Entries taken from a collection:
=== Section Start ===

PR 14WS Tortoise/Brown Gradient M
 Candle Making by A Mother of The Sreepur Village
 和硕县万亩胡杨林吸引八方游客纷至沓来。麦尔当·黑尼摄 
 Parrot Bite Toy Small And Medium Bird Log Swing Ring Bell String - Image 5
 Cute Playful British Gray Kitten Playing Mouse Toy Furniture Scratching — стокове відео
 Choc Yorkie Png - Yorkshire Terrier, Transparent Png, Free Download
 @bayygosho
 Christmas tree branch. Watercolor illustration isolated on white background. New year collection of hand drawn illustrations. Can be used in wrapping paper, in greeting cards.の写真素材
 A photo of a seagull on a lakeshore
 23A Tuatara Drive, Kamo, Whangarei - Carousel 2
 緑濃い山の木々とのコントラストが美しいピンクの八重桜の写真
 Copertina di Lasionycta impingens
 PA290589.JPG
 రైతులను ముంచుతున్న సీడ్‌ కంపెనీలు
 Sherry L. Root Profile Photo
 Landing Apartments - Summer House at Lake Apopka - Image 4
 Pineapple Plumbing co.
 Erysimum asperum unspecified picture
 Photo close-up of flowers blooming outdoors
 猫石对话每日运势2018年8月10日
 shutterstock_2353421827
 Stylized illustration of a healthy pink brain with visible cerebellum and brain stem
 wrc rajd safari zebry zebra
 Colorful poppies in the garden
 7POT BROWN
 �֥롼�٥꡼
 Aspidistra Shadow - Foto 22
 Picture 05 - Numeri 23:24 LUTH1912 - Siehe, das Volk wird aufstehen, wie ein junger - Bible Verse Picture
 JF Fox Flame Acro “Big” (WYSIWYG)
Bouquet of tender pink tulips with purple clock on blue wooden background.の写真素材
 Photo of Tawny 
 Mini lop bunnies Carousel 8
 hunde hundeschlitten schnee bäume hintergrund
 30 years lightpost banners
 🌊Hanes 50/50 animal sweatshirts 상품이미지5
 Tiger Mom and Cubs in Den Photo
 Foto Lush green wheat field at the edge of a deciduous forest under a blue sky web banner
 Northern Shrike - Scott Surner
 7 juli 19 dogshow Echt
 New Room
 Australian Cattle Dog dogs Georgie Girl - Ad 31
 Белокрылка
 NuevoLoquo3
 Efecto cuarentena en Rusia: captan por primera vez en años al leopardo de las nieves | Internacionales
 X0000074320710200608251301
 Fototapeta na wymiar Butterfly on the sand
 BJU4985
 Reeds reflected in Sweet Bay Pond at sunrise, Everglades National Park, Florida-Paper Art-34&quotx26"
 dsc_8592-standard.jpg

=== Section End ===

Repeat exactly the lines above, starting with the first line of the records and finishing with the line holding "Cute Playful British". Add no other line.

TASK OUTPUT:
PR 14WS Tortoise/Brown Gradient M
 Candle Making by A Mother of The Sreepur Village
 和硕县万亩胡杨林吸引八方游客纷至沓来。麦尔当·黑尼摄 
 Parrot Bite Toy Small And Medium Bird Log Swing Ring Bell String - Image 5
 Cute Playful British Gray Kitten Playing Mouse Toy Furniture Scratching — стокове відео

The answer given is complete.